Only the lines from the one with "CARLE,FRANKIE & HIS" to the end of the listing below should be set down, exactly as written and without any pictures.

» DATA SHOWN:
★ ★ ★ ★ ★

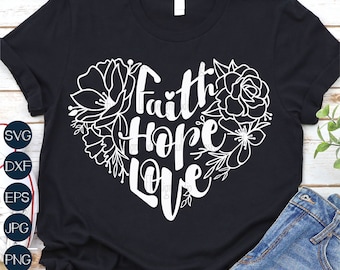 Faith Hope Love SVG, Floral Heart SVG, Christian SVG, Jesus Svg, Easter Svg, Religious Svg Files For Cricut, Sublimation Designs Downloads
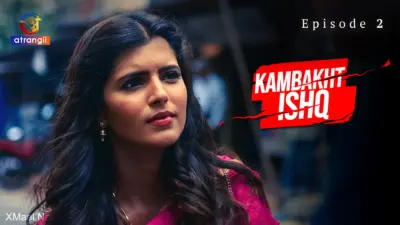 Kambakht Ishq Episode 2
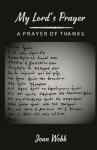 My Lord's Prayer: A Prayer of Thanks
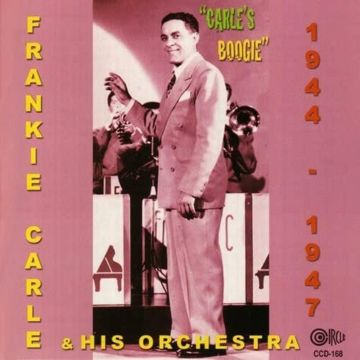CARLE,FRANKIE & HIS ORCHESTRA - CARLE'S BOOGIE 1944-1947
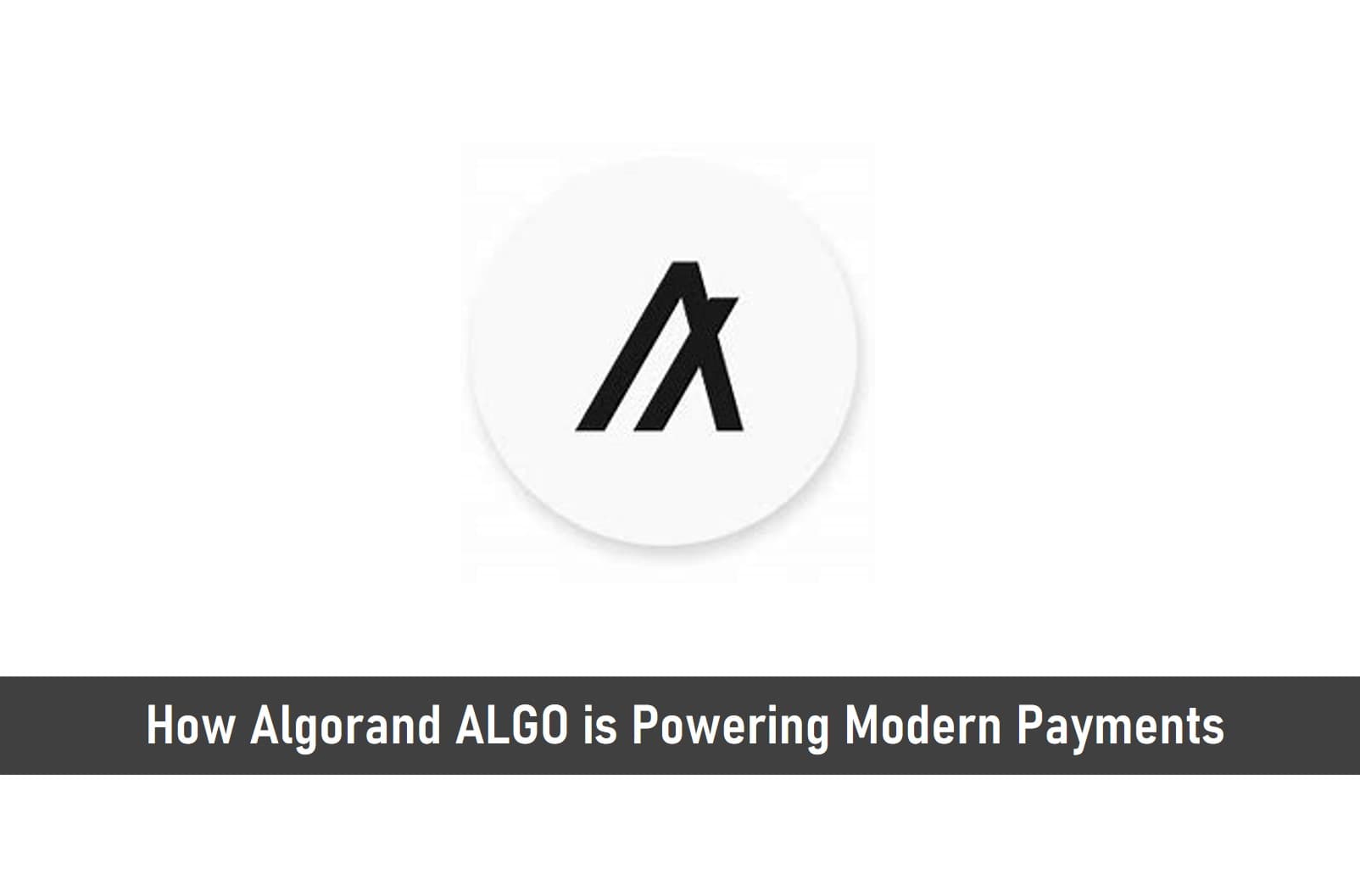 How Algorand ALGO is Powering Modern Payments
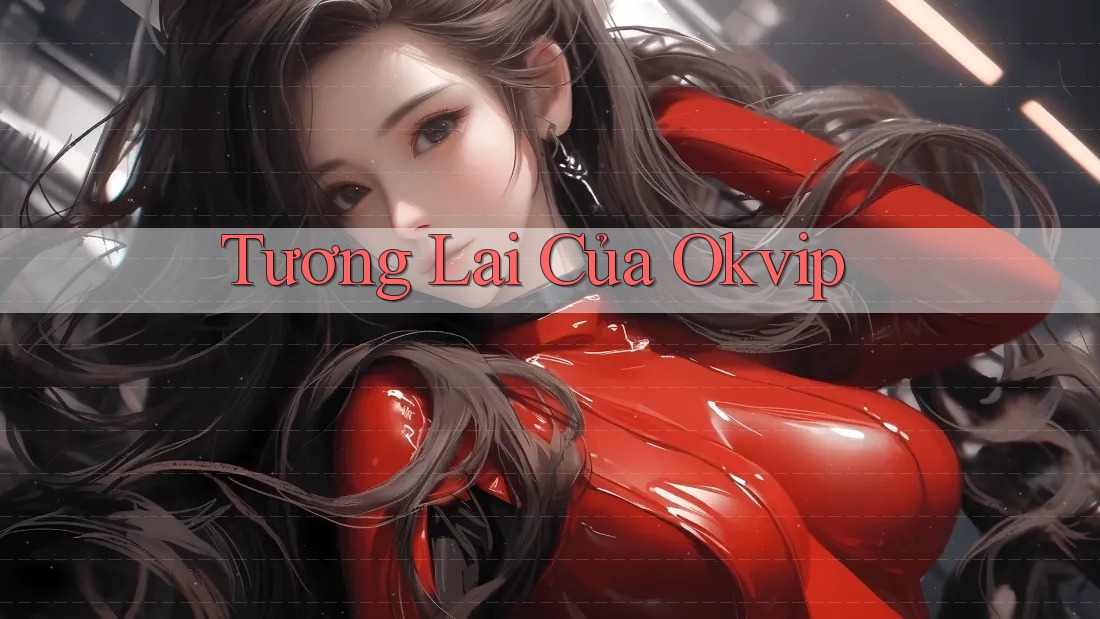 Tương Lai Của Okvip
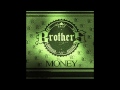 Brothers Company-Money-1433 (Son Officiel)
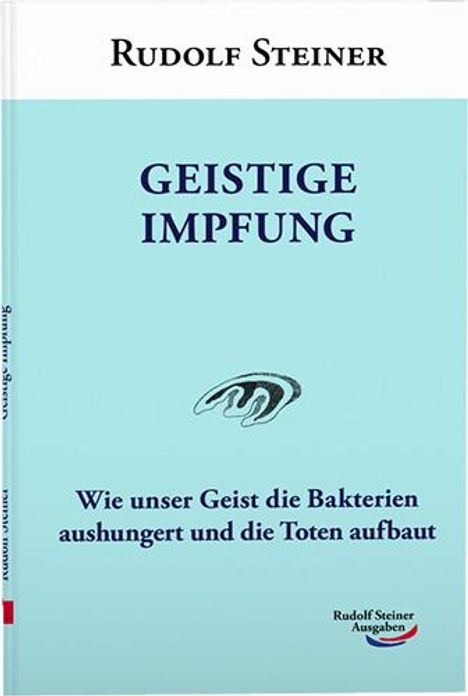 Rudolf Steiner: Geistige Impfung, Buch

★ ★ ★ ★ ★

» RESPONSE:
CARLE,FRANKIE & HIS ORCHESTRA - CARLE'S BOOGIE 1944-1947
 How Algorand ALGO is Powering Modern Payments
 Tương Lai Của Okvip
 Brothers Company-Money-1433 (Son Officiel)
 Rudolf Steiner: Geistige Impfung, Buch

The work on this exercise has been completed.